Quote: "I think that robotic spray systems are totally cool but it a bit hard to relate them to what I need when I finish an instrument. Some of us don't use the finish process we want to use, we use the finish process that we CAN use."
Thanks for making that point Ned.
I can completely understand your perspective, and heartily appreciate that particularly narrow point of view, which of course, entirely occurred to me as I wrote.
The answer is, to my mind, it would make for pretty boring and uninteresting threads if people simply wrote posts that just told everyone, what is essentially, easily obtained, generalised information, that is already very widely known. Facts they can immediately relate to and require little to no thought at all on the Readers Part.

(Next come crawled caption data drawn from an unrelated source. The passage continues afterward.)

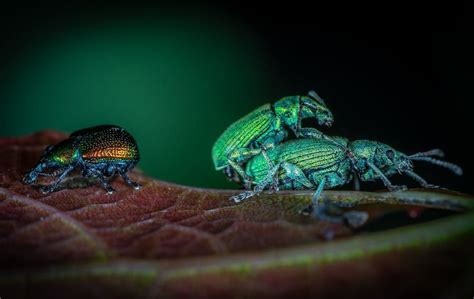 Unraveling the Significance of a Majestic Beetle Reverie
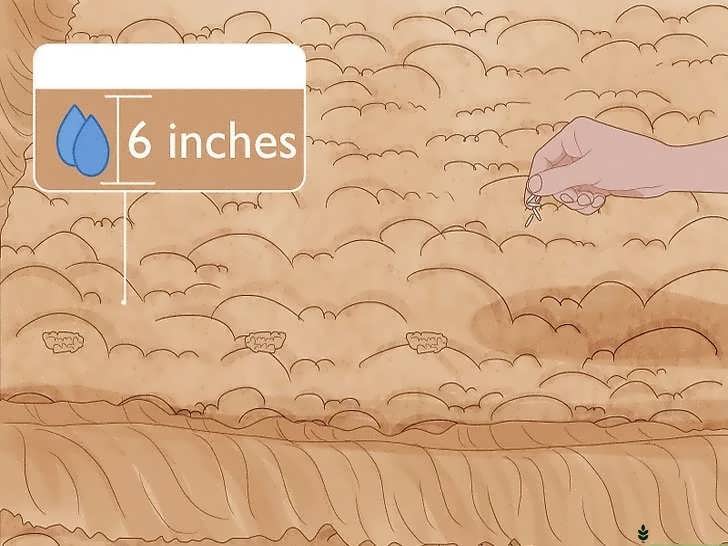 کاشت بذر برنج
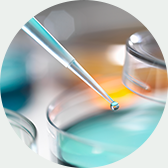 Formulation Formulation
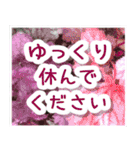 飛び出す！大人やさしい野の花 修正版（個別スタンプ：6）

"Little to No Thought at All" is a major affliction of Today's Society, as is "The Dumbed Down", "Requiring Little Knowledge Experience or Skill" mindset that commonly accompanies It. The real point about Life you will eventually find of Importance, is not "Where you are from" or even "Where you are Now" but Rather "Where are you Going" and "Your Destination for the Future."
As a Lover of Fine Musical Instruments, should I be in favour of "The Dumbed Down", "Requiring Little Knowledge Experience or Skill" Finishes Available? Would it not be more appropriate for someone to be Challenging those Notions, Encouraging People to Elevate the Level of their Vision, Aspire to Higher and Better Methods if they can, and if they can't, at least to have a Proper Perspective regarding the Degree of Suitability and Disadvantages of their Proposals. I think so. Everywhere I look. All the Buildings around are Impressing and Urging upon me the Importance of that Desire, to Aspire, to Better, Higher Things.
I think that "Aspirational Notion" can certainly include Lutheirs.
Joequam's response to my first post was "Peter, I appreciate the time to write such a informative response. I actually read your entire post and enjoyed it."
Reliable Information Rich Content on the Internet, like Valuable Wood, is a Preciously Scarce Resource in my Experience. In actual fact, there is so much Poor Information and Misinformation on the Internet Today.
This Problem of "Internet Noise" is so Widespread that here we are working on a New Internet Source of Completely Reliable Information that will EXCLUDE that, but do so by Costing Users that Participate and Basically Limiting Access to Established Institutions and Recognised Academic Bodies.
Speaking for myself, one of the Great Things I find about Franks Fora in particular, is that people are often Reading, Learning and Finding Out More things here, that they simply didn't ever know. I for one feel that Independent Luthier's SHOULD know far more about the Manufacturing Processes utilised in the Factories, on the Musical Instrument's, they will one day have to work on.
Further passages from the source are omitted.